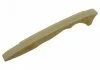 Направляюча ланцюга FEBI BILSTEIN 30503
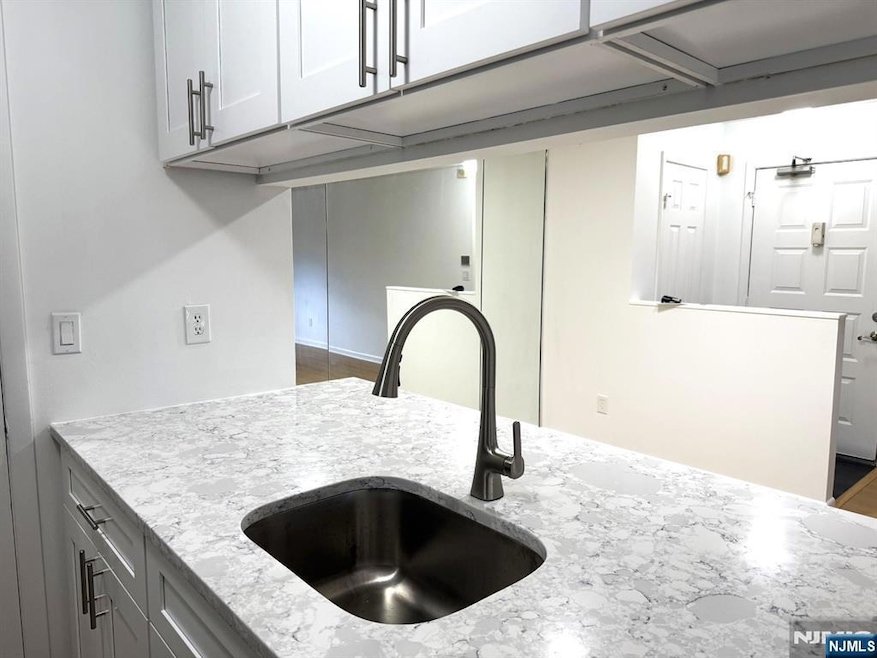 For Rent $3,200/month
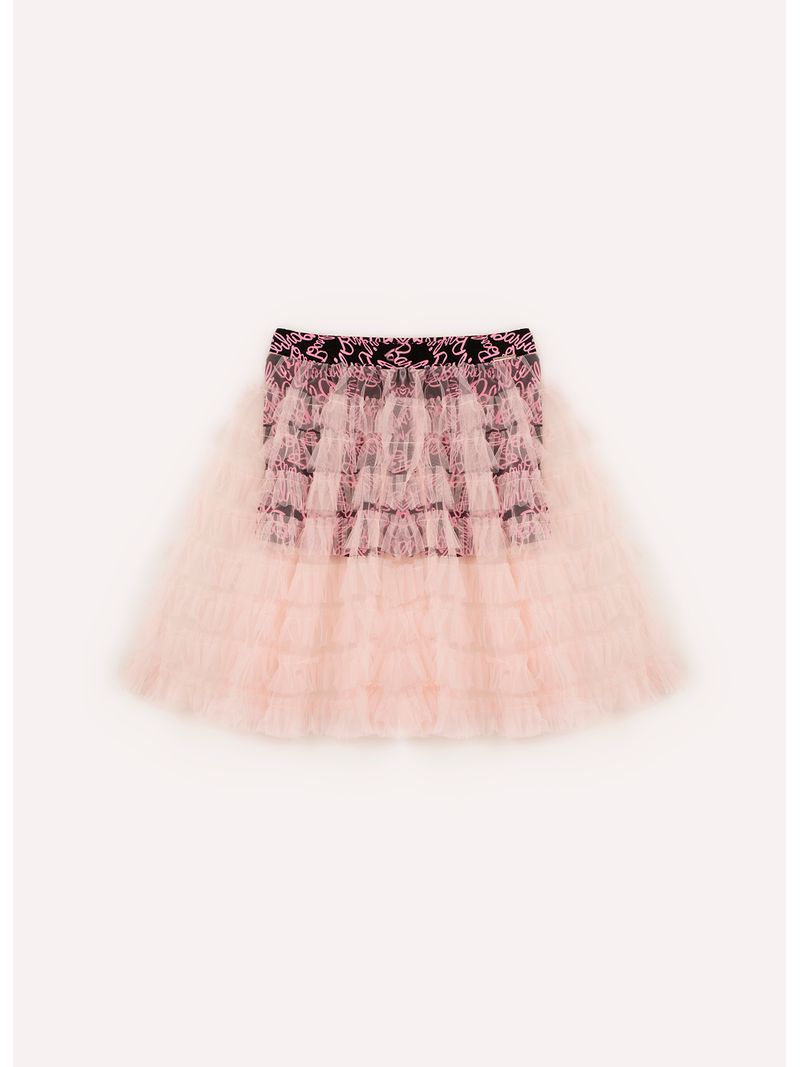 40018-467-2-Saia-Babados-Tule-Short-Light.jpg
============
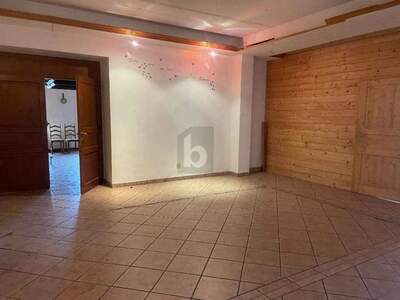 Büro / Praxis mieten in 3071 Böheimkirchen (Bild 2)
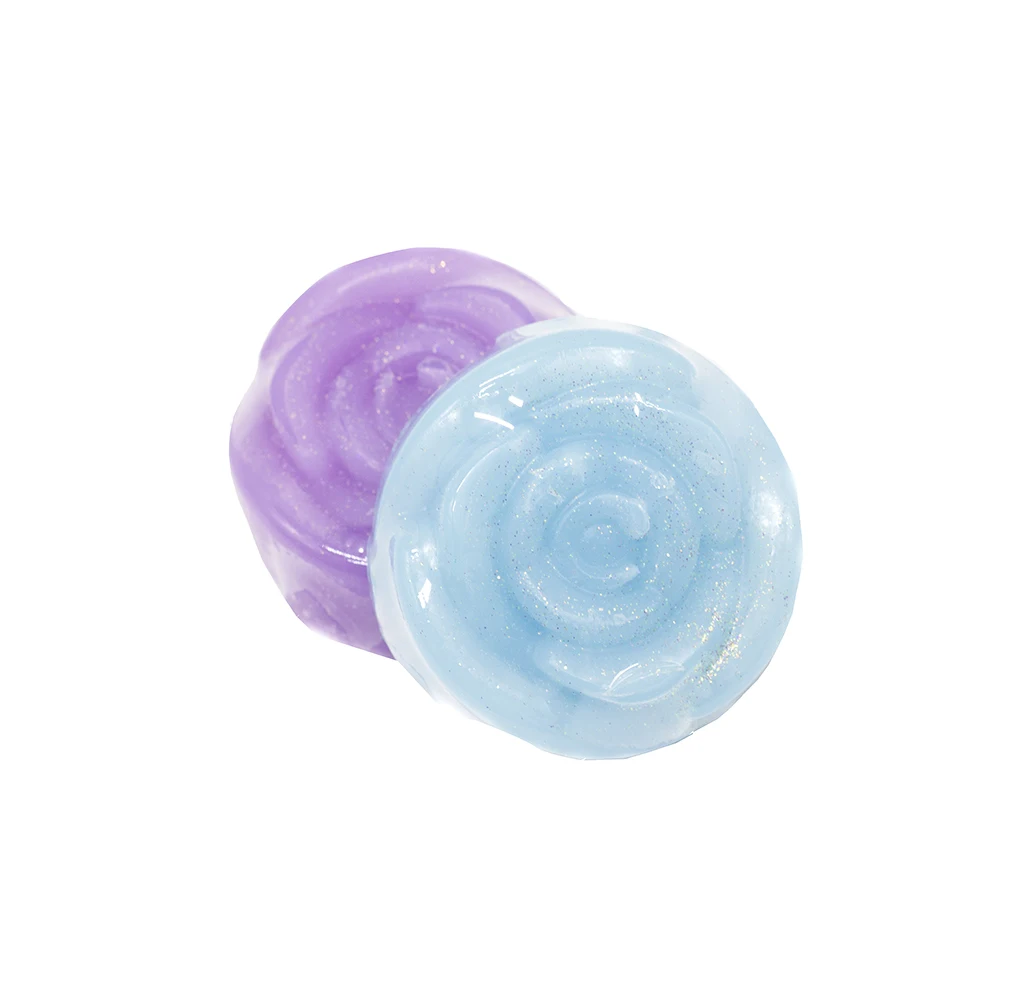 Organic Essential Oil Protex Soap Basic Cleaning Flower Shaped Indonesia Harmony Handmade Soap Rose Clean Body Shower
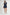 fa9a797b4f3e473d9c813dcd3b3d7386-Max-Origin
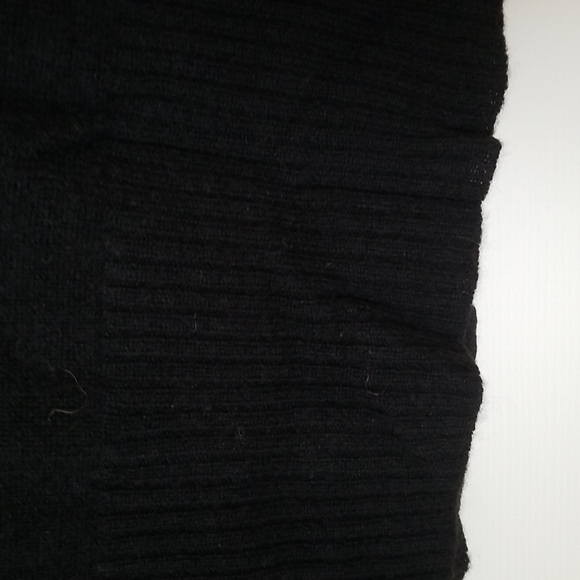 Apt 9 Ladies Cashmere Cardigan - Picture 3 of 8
============
| What this task involves |
Every line above between the one containing "Направляюча ланцюга FEBI BILSTEIN 30503" and the one containing "40018-467-2-Saia-Babados-Tule-Short-Light.jpg", those two included, is to be printed exactly. No pictures go into the copy.

| Solved problem |
 Направляюча ланцюга FEBI BILSTEIN 30503
 For Rent $3,200/month
 40018-467-2-Saia-Babados-Tule-Short-Light.jpg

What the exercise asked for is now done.